DelongTop LiFePo Packs SOC unbalanced

I live in New Zealand and have purchased three 10kWh LiFePo battery packs (total 30kWh, 3 x DL-LFP-51200’s) from Delong Battery Technology (DelongTop) from Shenzhen, China. I have been having a problem with the three packs getting progressively further apart regarding their individual SOC % (State of Charge). It got serious a month ago when we had several days of wet weather, and two of the packs were showing about 45% SOC while one pack was only showing about 25% SOC.
I noticed that when the packs were being charged their BMS sent the highest SOC value of the 3 packs to the Growatt Inverter/Charger, (displayed on the inverter screen), but when they were discharging the BMS sent the lowest SOC value. This meant that I was not going to be able to use the extra storage that was in the two higher SOC packs when the inverter inevitably shutdown due to the minimum SOC alarm setpoint being reached, (set to 20% SOC).
It is impossible to get any sensible answers from the Delong Support people because none of the engineers speak English. Has anyone else encountered this SOC difference problem from the Delong battery packs before? I am also keen to find out how many of these new Delong 10kWh pack have been sold into NZ and Australia.

So, basically, your batteries are not being top-balanced during charging due to the battery with the highest SOC controlling the charging. Very strange

Most professional battery systems have a master battery or master BMS that is able to balance all individual batteries (and cells) and provide a universal SOC to the inverter. This is one reason why they cost more.

Is the BMS internal or external? Can you provide photos of the setup? I’ve never heard of Delong

Hi Svarky, thanks for your response.
The battery packs are individually stand-alone, that is, you could use a single one on its own, or stack up to five vertically, all interconnected with parallel loops, and a single pair of wires running to the inverter/charger. See this below link to DelongTop.

On the Home page, mine is the one on the bottom right-hand corner which shows 5 stacked, but I only have a 3 stack, (30kWh).
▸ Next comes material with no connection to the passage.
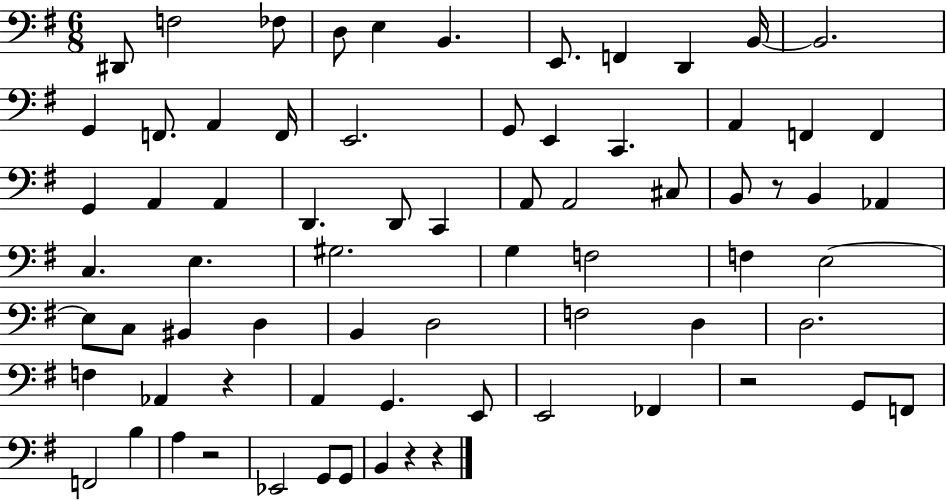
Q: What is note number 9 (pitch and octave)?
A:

Each pack has its own internal BMS balancing the 16 x 200Ah cells, and its doing that job really well, (apart from a major problem when they first arrived, but I won’t address that here). Each pack must have its own CT’s and it continuously adjusts its own SOC% based on what current is passing in and out of its own pack. They each have different CAN node addresses, mine are set to 1, 2, and 3, and they have a serial loop connecting them all together. Only Pack 1 is connected to the inverter/charger via a Cat.5 cable presumably running a CAN protocol. So Pack 1 acts as the master of the 3 packs as far as the inverter/charger is concerned, and as I said in my first post, I have watched the charger display panel reading the highest pack SOC% during charging, and the lowest of the 3 packs when discharging.
Because they are all wired in parallel, when there is no current in or out they have exactly the same voltage reading, (can’t be different of course). So as far as I can see, if any one pack hits its maximum allowed charging voltage (set to 57.6v), they should all reset whatever SOC% they are currently reading to 100%. This would make them “self-calibrating” and it would occur at every full charge, (ie, on most days).
I have tried to get this message through to the engineers at Delong, but since they only understand Chinese and I just use Google translate for my emails, I am getting no proper responses from them. I have been programming PLC’s for the last 32 years and I reckon I could do a much better job than they have to ensure that the SOC% don’t steadily diverge from each other.

By the way, that Delong graphic and the wordage was automatically added by the post system, not by me. At this stage I personally wouldn’t entirely agree you the words that have appeared there.